This is a repository to leverage kernel brain data to detect laughter.
This model will take an image of the kernel brain and determine whether the individual is actively laughing. Note: The text on the image is shown here for reference only and is not included during model prediction.
The Kernel Neural Image model Convolutional Neural Network alone achieves accurate results on predicting laughter vs. non-laughter when an input image of the live kernel brain is used as input to the network. The model uses pre-trained weights from resnet-18 as well as frames from the Lex Fridman podcast.
The confusion matrix of the results are below, and the model is publicly available for download and use.
Class | Precision | Recall | F1-score | Support |
---|---|---|---|---|
Non-Laughter | 0.89 | 0.66 | 0.76 | 267 |
Laughter | 0.71 | 0.92 | 0.80 | 251 |
Accuracy | 0.78 | 518 | ||
Macro Avg | 0.80 | 0.79 | 0.78 | 518 |
Weighted Avg | 0.81 | 0.78 | 0.78 | 518 |
Metric | Value |
---|---|
Accuracy | 0.7819 |
Precision | 0.7143 |
Recall | 0.9163 |
F1-Score | 0.8028 |
ROC AUC | 0.7859 |
The model is publicly available as the neural_image_classifier_model.pth and an example use of the model is shown in the notebook Neural_Model_Example_Use.ipynb.
The model is also available on huggingface here.

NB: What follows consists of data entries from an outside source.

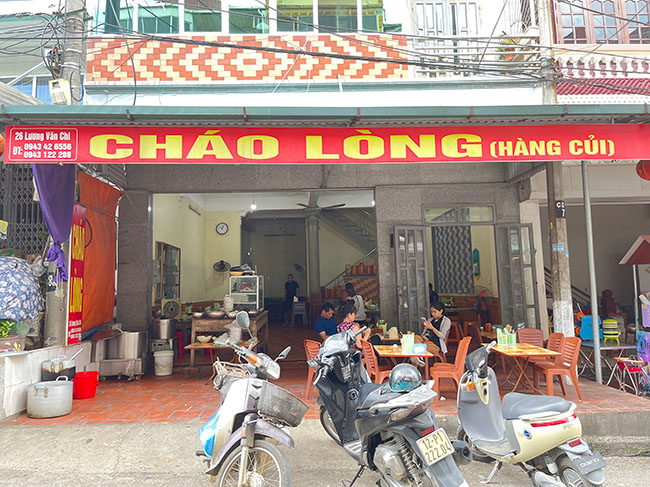 Tìm địa điểm mở quán cháo lòng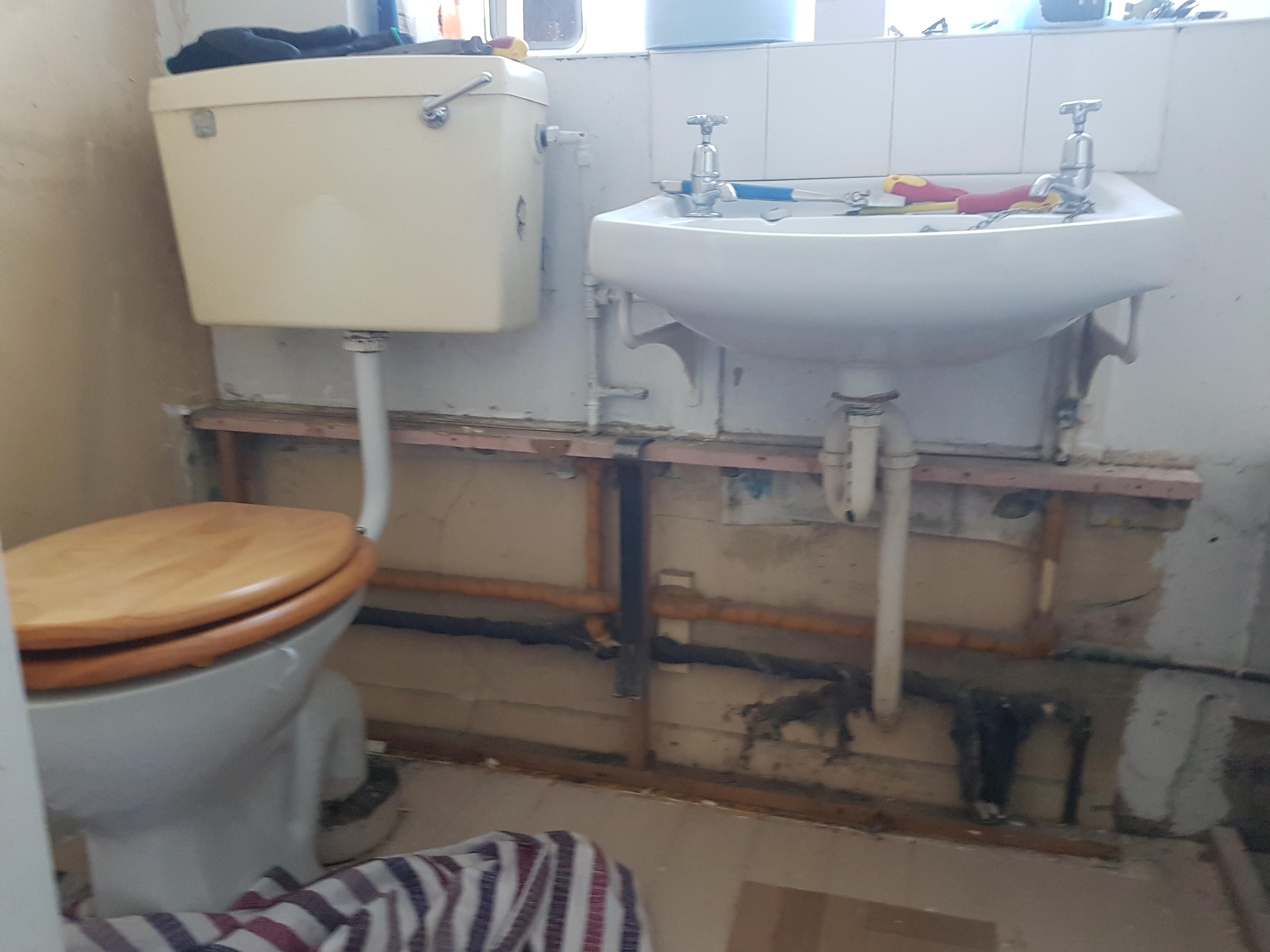 toilet before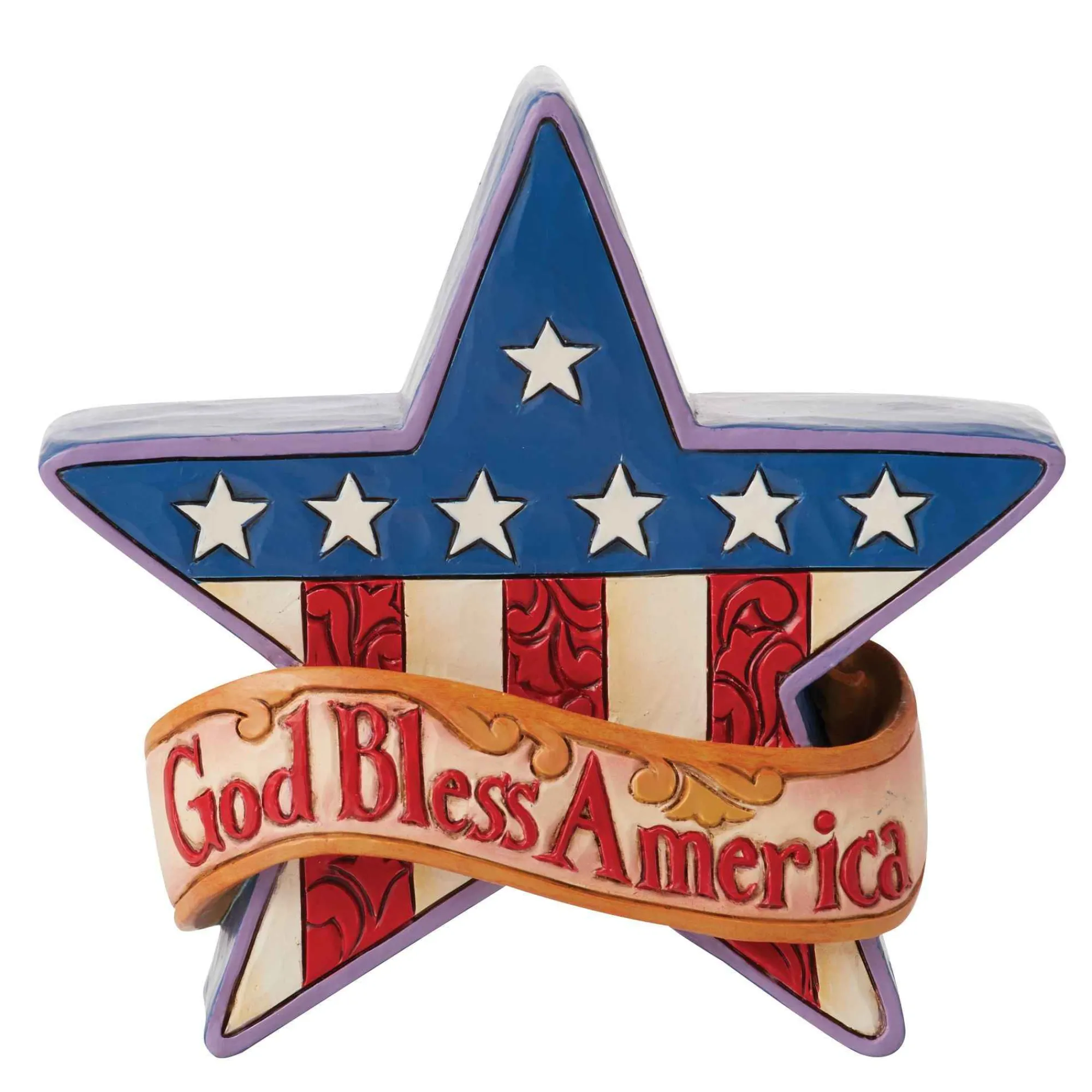 Jim Shore Heartwood Creek Mini Patriotic Star Figurine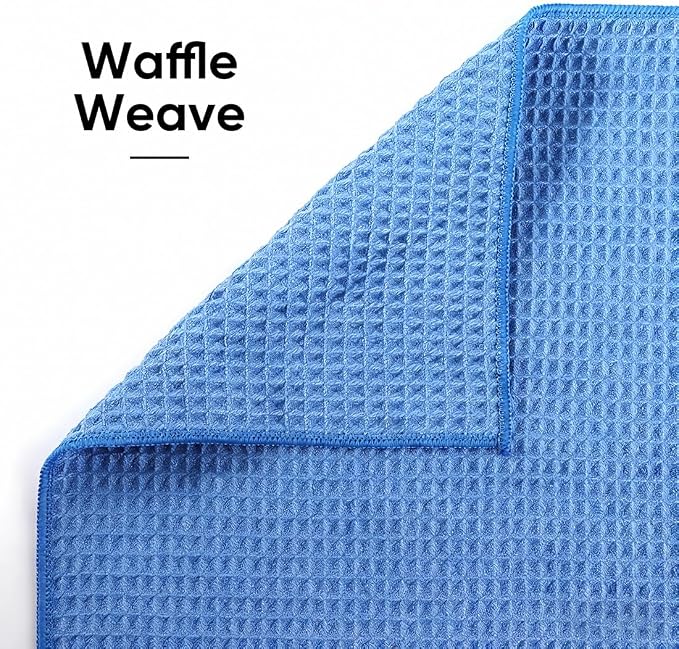 HOMEXCEL Hot Yoga Towels 2 Pack, (26.5" x 72") Non-Slip & Ultra-Absorbent Microfiber Yoga Mat Towels for Hot Yoga, Pilates, Exercise, Fitness, Bikram and Workout, Blue/Pink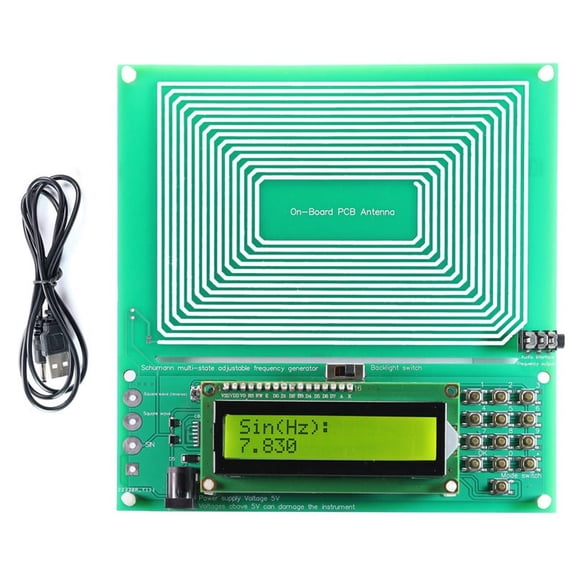 1 * Schumann wave generator 1 * USB cable-Green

The training and test data is available on huggingface here
In the future, this repo may be used to develop a mixture-of-experts model consisting of multi modalities including facial expression, body pose, audio laughter detection, and image analysis of the kernel brain images. These neural networks would be trained independently and applied to a gated network in order to scale the output predictions by the proportional magnitude of the available input data to the Mixture-of-Experts model.